_DATASET ENTRIES_.
+++
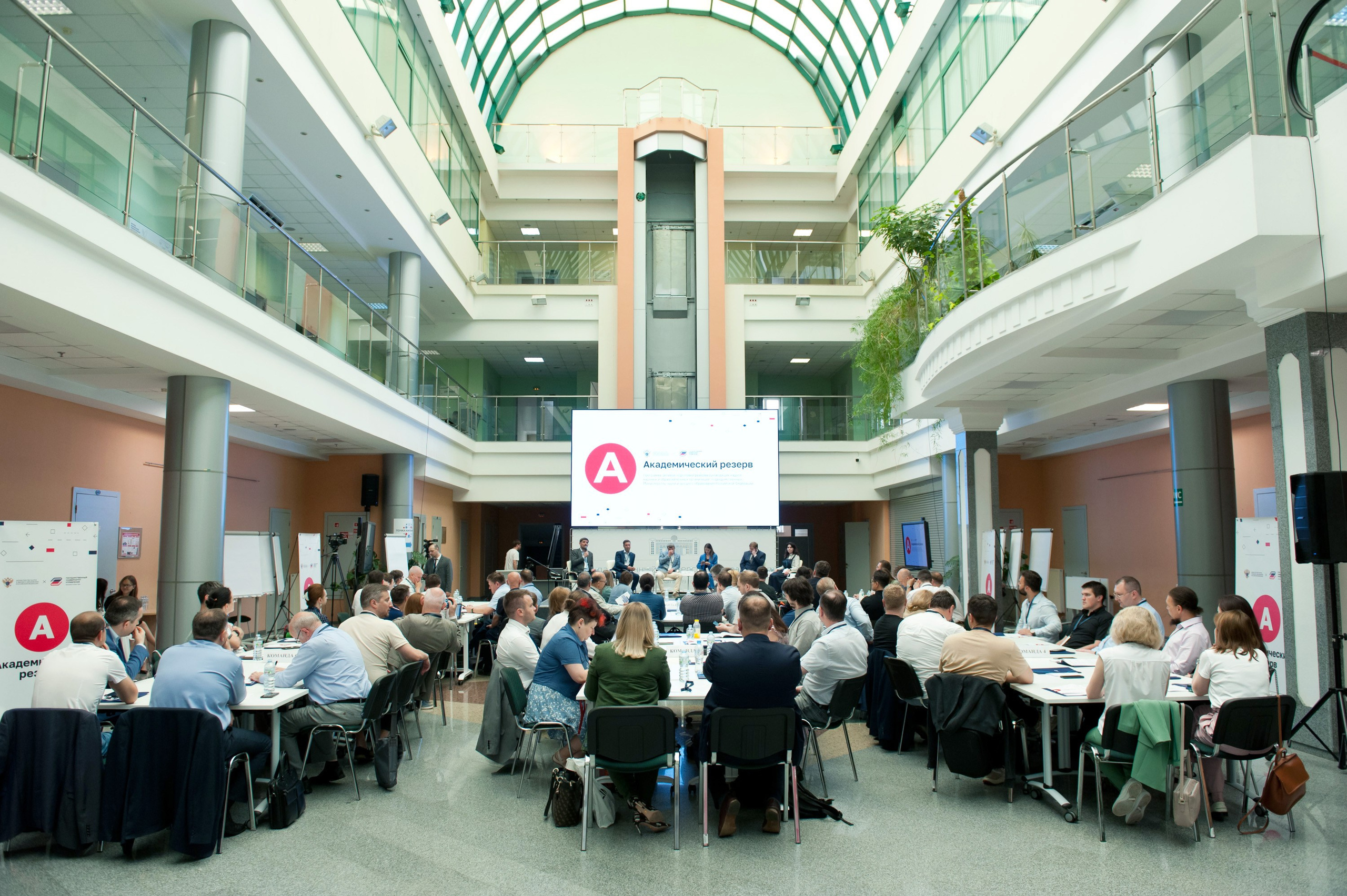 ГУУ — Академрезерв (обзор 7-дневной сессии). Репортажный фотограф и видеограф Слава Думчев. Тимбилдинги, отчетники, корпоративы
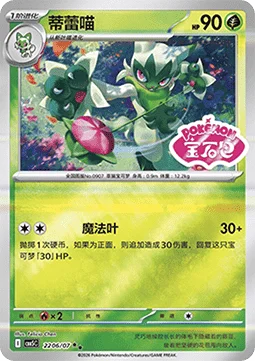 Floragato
+++
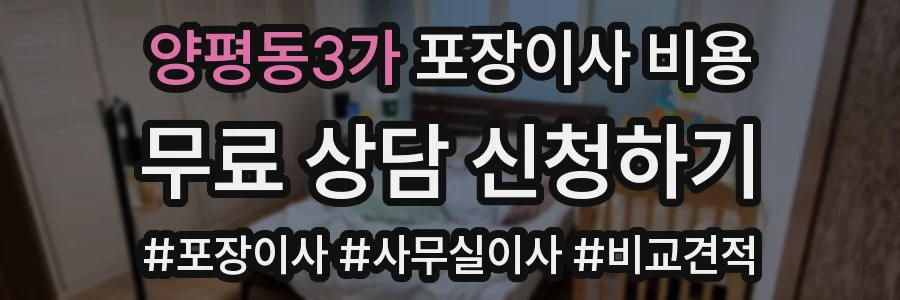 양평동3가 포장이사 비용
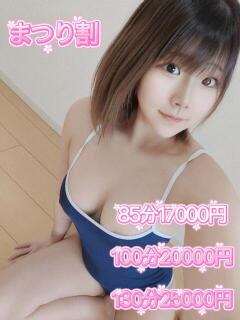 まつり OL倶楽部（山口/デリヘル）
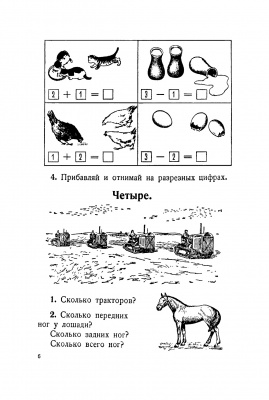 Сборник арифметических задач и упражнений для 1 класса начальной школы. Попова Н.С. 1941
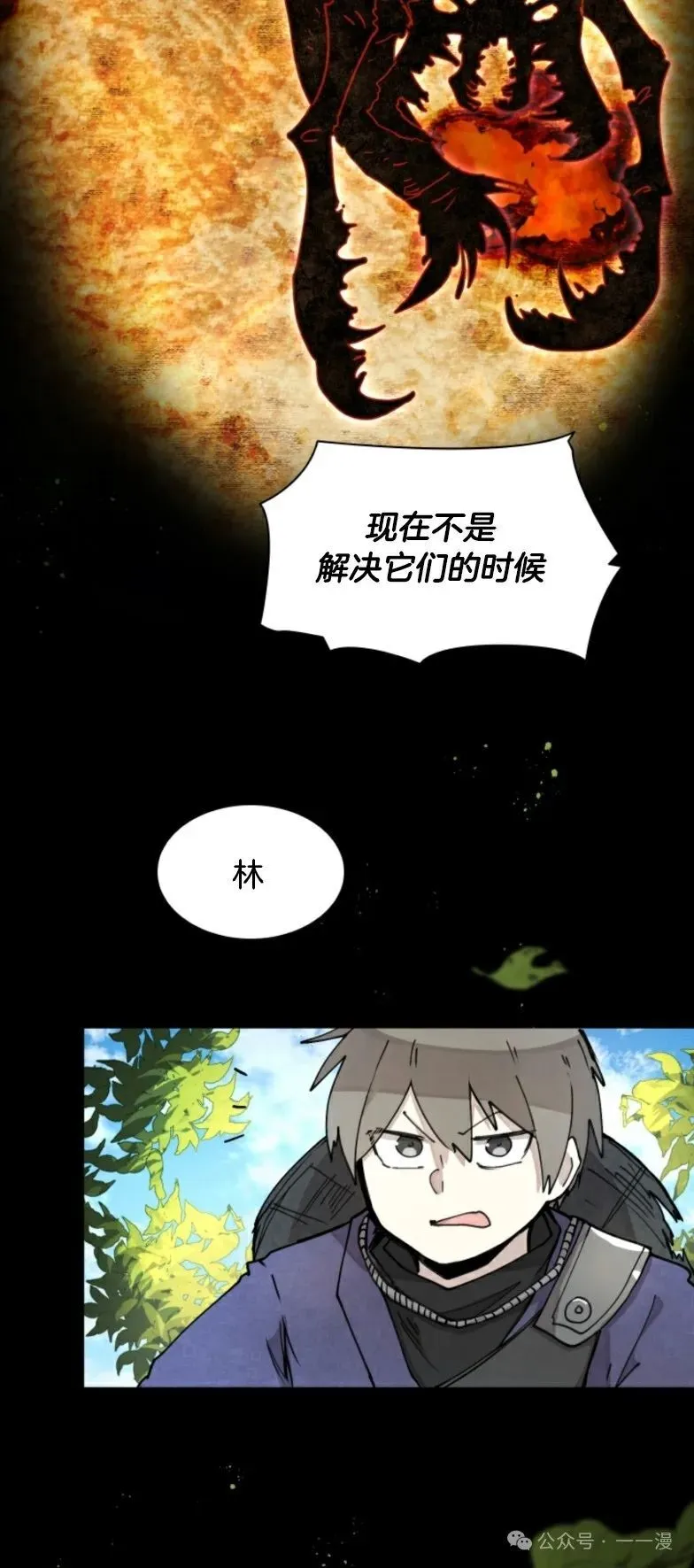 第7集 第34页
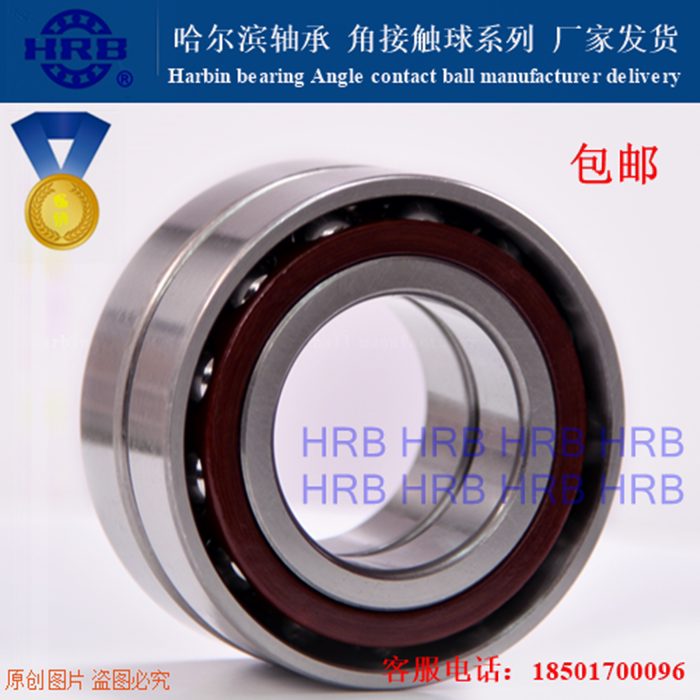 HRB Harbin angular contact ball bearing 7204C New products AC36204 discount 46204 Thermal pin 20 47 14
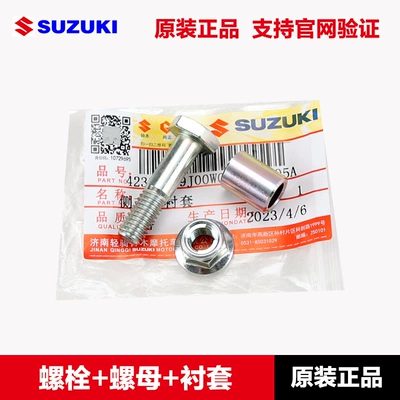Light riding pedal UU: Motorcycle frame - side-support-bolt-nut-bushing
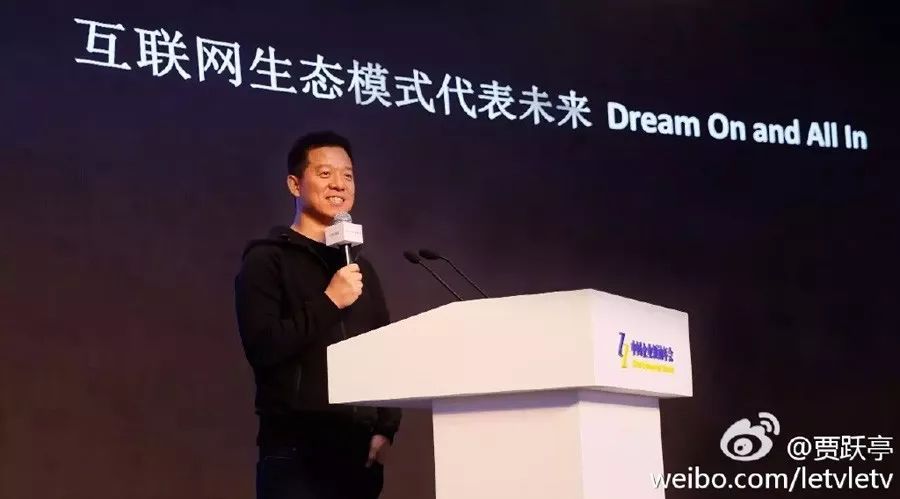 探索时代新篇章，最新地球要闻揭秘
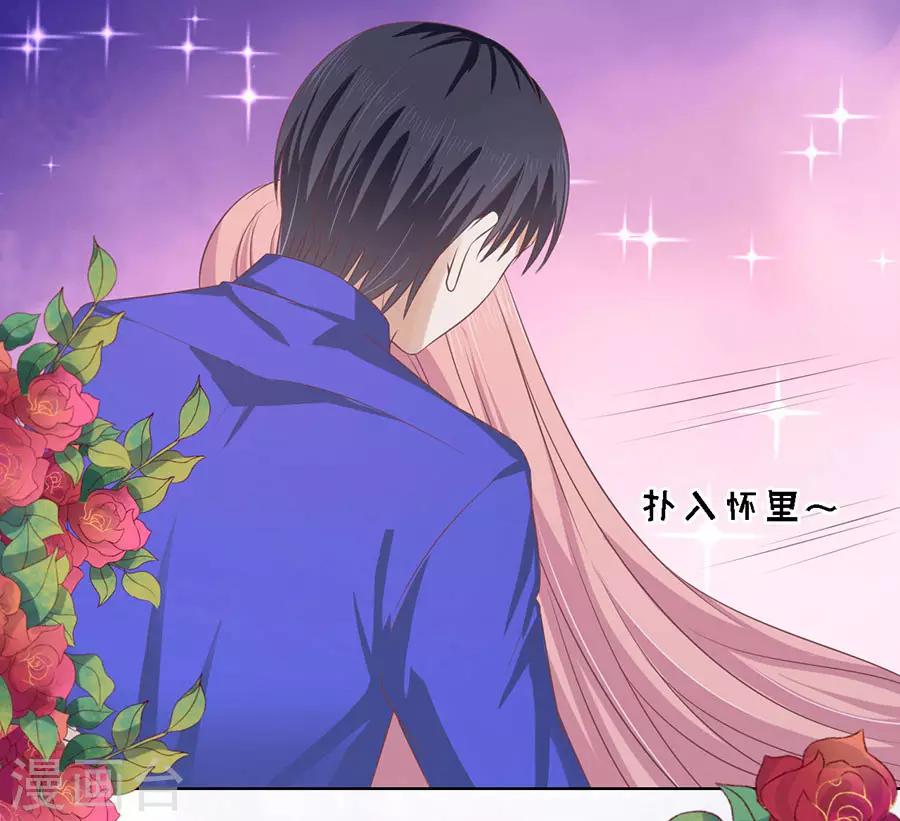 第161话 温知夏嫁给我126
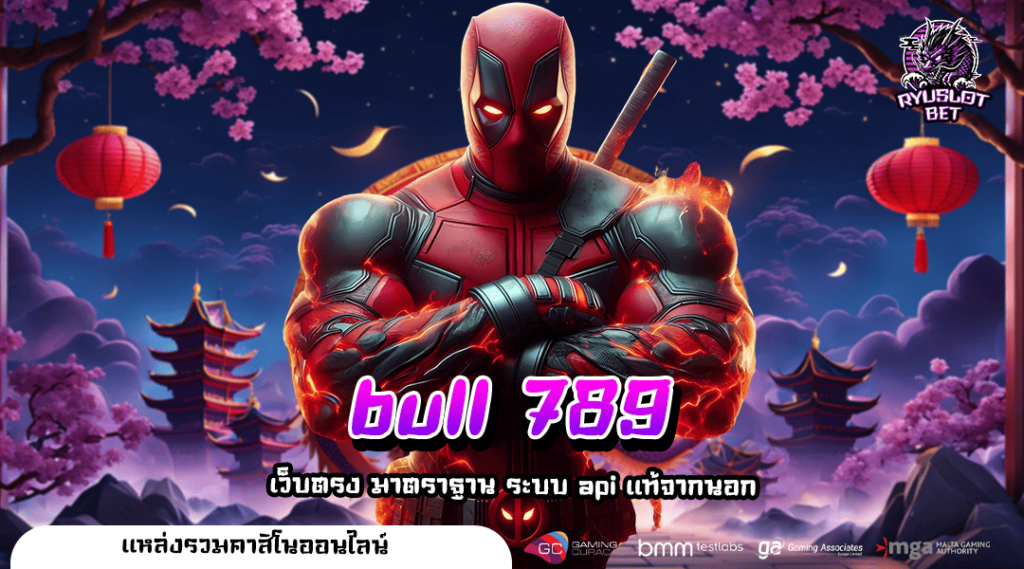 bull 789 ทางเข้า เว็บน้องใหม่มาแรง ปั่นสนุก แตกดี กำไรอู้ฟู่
+++
_WORK ITEM_. Look above for the line with "探索时代新篇章，最新地球要闻揭秘" and the line with "bull 789 ทางเข้า". Copy them and every line between, exactly, but no pictures.

_ANSWER TO THIS EXERCISE_.
 探索时代新篇章，最新地球要闻揭秘
 第161话 温知夏嫁给我126
 bull 789 ทางเข้า เว็บน้องใหม่มาแรง ปั่นสนุก แตกดี กำไรอู้ฟู่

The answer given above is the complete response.